(Task item)
Extract exactly and only the lines of the data below, starting at the line with "Unprecedented Climate Changes: How" and stopping after the final line.

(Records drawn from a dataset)
#####

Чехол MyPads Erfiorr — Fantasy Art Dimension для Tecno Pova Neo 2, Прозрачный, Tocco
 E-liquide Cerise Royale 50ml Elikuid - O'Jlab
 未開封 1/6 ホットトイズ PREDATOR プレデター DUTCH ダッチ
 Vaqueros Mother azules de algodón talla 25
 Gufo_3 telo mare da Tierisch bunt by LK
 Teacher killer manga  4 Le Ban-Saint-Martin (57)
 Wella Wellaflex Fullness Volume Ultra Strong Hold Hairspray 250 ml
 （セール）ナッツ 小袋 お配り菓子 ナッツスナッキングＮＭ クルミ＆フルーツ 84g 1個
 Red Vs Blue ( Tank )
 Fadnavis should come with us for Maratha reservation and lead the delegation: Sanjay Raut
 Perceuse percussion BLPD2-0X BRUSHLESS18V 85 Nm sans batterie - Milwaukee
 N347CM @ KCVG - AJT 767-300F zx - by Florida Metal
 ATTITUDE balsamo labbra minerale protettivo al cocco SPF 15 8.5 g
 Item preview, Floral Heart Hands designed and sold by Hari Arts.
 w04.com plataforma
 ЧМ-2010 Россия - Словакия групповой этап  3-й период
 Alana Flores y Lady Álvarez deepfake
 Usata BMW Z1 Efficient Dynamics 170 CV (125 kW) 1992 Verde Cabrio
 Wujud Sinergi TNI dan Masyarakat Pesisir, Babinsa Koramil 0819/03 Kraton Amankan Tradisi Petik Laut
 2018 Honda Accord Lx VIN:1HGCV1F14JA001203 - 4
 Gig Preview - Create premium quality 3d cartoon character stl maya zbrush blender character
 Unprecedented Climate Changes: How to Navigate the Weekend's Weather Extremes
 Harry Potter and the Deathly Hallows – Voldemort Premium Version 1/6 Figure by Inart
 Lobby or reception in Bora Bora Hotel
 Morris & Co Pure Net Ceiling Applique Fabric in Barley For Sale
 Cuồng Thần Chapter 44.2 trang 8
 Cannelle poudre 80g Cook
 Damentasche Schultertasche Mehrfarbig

#####

(Solved problem)
 Unprecedented Climate Changes: How to Navigate the Weekend's Weather Extremes
 Harry Potter and the Deathly Hallows – Voldemort Premium Version 1/6 Figure by Inart
 Lobby or reception in Bora Bora Hotel
 Morris & Co Pure Net Ceiling Applique Fabric in Barley For Sale
 Cuồng Thần Chapter 44.2 trang 8
 Cannelle poudre 80g Cook
 Damentasche Schultertasche Mehrfarbig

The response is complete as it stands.